Exercise requirements:
Lines from the one containing "Apartamento à venda" to the end of the records, both ends included and exactly as written, are the whole answer, and no pictures go in it.
§
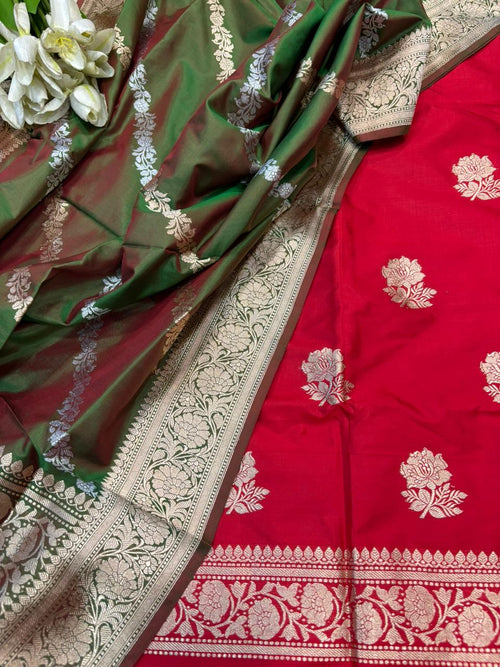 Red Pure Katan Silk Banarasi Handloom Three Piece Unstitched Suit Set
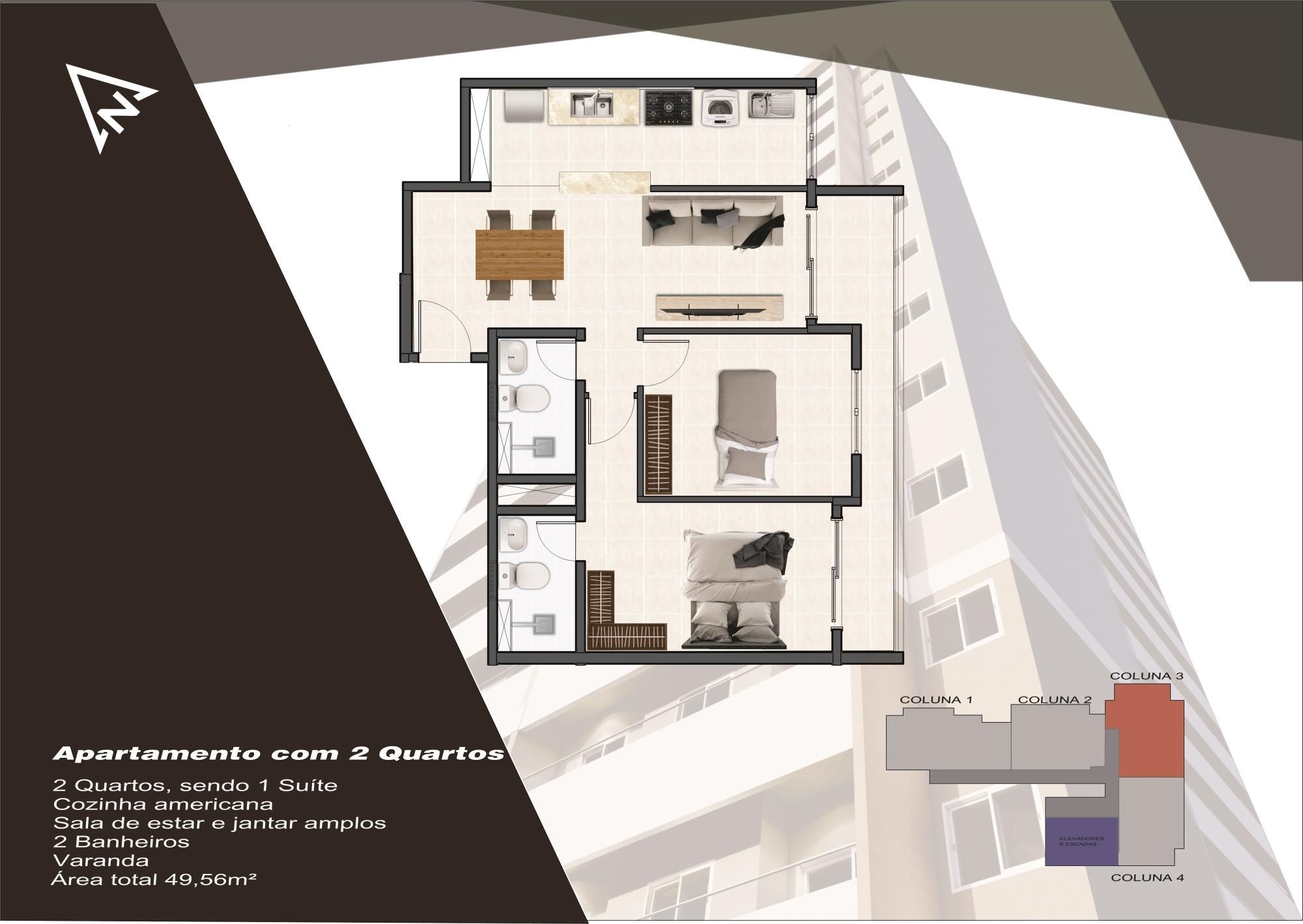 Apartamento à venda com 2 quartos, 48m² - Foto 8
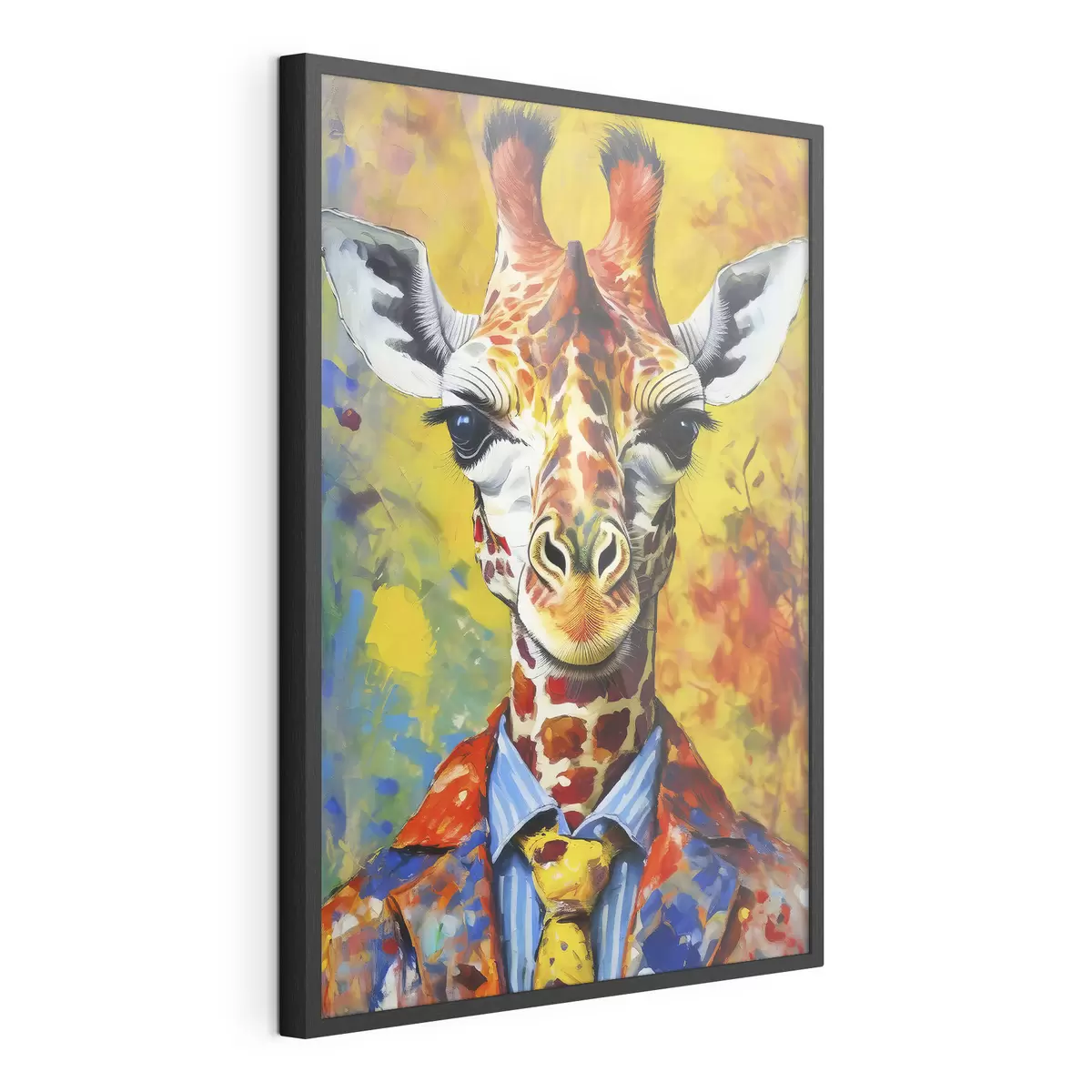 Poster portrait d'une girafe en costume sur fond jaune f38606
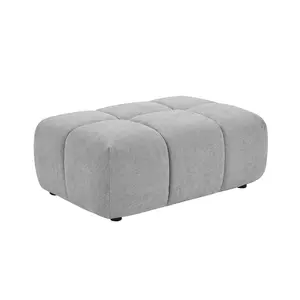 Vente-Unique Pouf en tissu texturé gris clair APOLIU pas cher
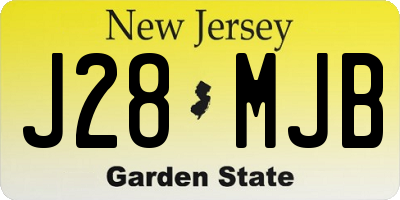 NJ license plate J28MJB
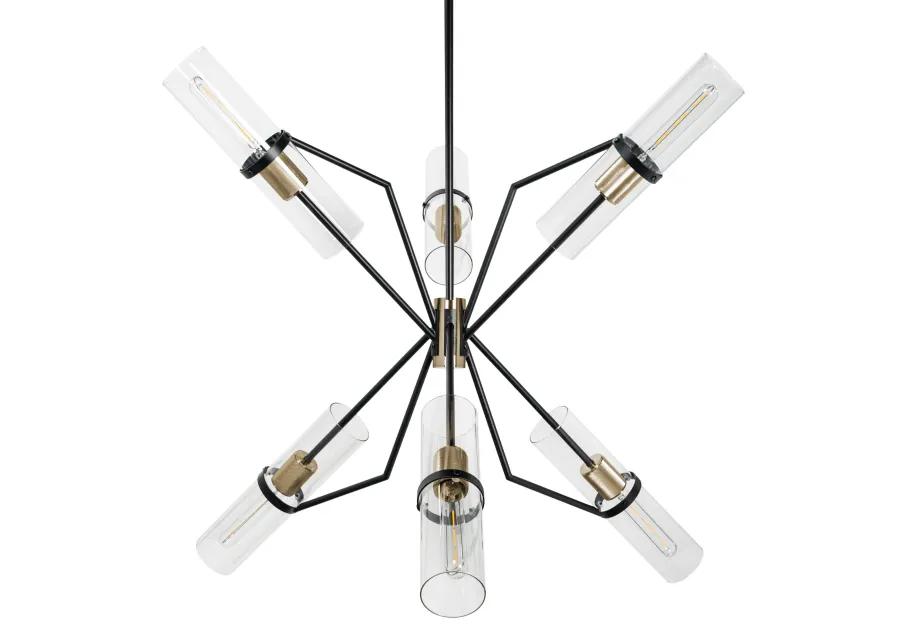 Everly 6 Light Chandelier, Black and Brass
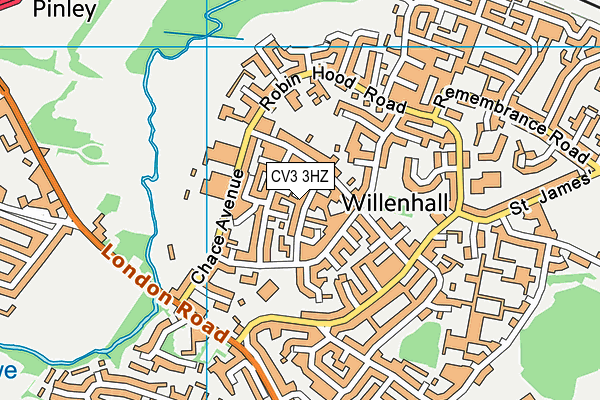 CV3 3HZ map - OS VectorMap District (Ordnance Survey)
§
Answer section:
 Apartamento à venda com 2 quartos, 48m² - Foto 8
 Poster portrait d'une girafe en costume sur fond jaune f38606
 Vente-Unique Pouf en tissu texturé gris clair APOLIU pas cher
 NJ license plate J28MJB
 Everly 6 Light Chandelier, Black and Brass
 CV3 3HZ map - OS VectorMap District (Ordnance Survey)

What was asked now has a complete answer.